第四章「誓いの夜」【18】
ロリョートに怒鳴られ、チメメは渋々店の外へ出て行きました。
「あいつはあの通り余計なことばかり言ってる奴なんだが、使いっ走りぐらいにはなる。しかしあいつは間違ったことは言ってなかったな。どう頑張ったって盗賊はしょせん盗賊だ。その世界でしか生きられないんだよ。なああんた、手を組もうぜ。リグ・バーグへの交渉事は俺たちに任せればいいんだ。あんたはその娘を連れて来てくれさえすればいい、簡単だろ?」
「私にあの子を売るようなことはできない…。」
「売るといってもその娘がひどい目に遭うわけじゃない。黄金を生むんだ、大事に扱ってもらえるに決まってるさ。リグ・バーグには金がある。その娘だってお姫さんのような暮らしができるはずだぜ。だけどあんたたちはバドに行くって?あんな貧しい国に行ったところでどんなふうに大事にされるっていうんだ?ひょっとしたら食う物にも困る生活が待ってるだけかもしれん。どっちが娘のためになると思う?よく考えろよ。」
確かにこの男の言う通り、バドは貧しい国で、それは誰もが知っている事実です。
「それにだ、あんたのお仲間はその娘を利用しようとしているんだ。それで本当に娘は幸せになれると思うのか?」
スロンゼルの心は揺らぎ始めました。バドでもリグ・バーグでもマレアが黄金を生む娘という見られ方をするのは同じです。

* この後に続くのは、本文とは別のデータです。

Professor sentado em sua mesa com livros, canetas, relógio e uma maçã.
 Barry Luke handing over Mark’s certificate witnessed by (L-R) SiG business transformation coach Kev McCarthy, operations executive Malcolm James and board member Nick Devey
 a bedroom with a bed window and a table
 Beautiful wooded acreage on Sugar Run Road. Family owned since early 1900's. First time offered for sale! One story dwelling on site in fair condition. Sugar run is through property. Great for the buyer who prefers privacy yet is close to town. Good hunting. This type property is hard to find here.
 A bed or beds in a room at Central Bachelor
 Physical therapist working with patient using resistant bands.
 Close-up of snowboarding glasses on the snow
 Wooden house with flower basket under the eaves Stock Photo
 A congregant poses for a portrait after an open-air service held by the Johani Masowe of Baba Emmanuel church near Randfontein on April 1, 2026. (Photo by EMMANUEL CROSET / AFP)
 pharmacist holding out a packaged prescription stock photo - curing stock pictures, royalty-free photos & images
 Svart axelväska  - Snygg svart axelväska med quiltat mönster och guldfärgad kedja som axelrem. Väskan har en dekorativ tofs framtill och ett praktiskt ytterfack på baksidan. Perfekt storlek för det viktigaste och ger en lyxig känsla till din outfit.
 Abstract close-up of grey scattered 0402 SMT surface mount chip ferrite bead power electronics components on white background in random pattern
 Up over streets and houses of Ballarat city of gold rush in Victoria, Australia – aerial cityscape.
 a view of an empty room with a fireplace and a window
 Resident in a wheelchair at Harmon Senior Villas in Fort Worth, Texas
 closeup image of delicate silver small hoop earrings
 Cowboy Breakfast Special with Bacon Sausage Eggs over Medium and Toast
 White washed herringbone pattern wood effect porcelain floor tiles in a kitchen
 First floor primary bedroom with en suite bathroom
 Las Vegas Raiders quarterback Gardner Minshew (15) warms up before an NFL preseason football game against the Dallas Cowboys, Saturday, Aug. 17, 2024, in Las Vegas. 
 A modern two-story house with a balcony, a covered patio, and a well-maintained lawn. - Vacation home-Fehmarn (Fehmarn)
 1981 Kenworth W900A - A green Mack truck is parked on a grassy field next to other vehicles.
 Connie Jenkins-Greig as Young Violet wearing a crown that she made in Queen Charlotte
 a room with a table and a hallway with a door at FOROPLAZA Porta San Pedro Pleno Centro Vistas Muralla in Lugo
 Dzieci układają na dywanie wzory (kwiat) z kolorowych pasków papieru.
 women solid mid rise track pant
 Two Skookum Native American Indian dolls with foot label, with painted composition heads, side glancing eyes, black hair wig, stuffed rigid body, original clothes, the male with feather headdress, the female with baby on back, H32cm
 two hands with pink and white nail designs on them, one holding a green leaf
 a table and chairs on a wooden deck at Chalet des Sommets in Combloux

それならいっそ裕福なリグ・バーグに行ったほうがよいのではないかと思い始めたのです。ロリョートはスロンゼルの動揺を見逃しませんでした。
「本当によく考えてくれ。自分のためにもなることなんだからな。考えが決まったら娘を連れてこの町へ戻ってきてくれ。俺たちはこの町をねぐらにしているからな。あんたなら来てくれるはずだ、待ってるぜ。」
「馬鹿な、俺はそんなことを…」
そこへチメメが小走りで近寄ってきました。
「さっきの奴が戻ってきたぜ。女もいっしょだ。」
ロリョートとセッツァは立ち上がりました。ロリョートはスロンゼルの肩を二、三回軽く叩いてその場を去っていきました。スロンゼルはテーブルの上にあったコップを自分の分を残して全部隣のテーブルに移動させました。スロンゼルは椅子に深く座り、大きくため息をつきました。そこへトーレンとマレア、そしてイオニーネがやって来ました。
「スロンゼルさん、お待たせしました!さ、帰りましょ。」
マレアの明るい笑顔に、スロンゼルも笑顔を返しました。
「そうだね、帰ろう。皆のところへ。」
マレアはスロンゼルの手をとり、楽しそうにお風呂の自慢をしています。この愛らしい少女のために自分は何をするべきか、真剣に考えなければならないとスロンゼルは思うのでした。
夕食の間もマレアのはしゃぎようは治まりません。陽気にしゃべったり笑ったり、時には踊ったりしています。彼女の笑顔はその場の雰囲気をぱっと明るくさせます。皆マレアのことが大好きでした。マレアは今夜の踊りのパートナーにニダロを指名しました。マレアに手を引っ張られ、輪の中心に連れてこられたニダロは意を決して彼女と踊りだしました。ぎこちないながらも、ニダロは一所懸命踊りました。マレアもそれに答えて軽やかに舞っています。彼女は踊りながら周囲を見渡しました。みんなの笑顔が見えます。彼女も嬉しくなりました。ところが、その中に一つだけ沈んだ表情を見つけました。フィレントです。そういえば、マレアはリグ・ラから帰ってきたときから、フィレントに元気がないと思っていました。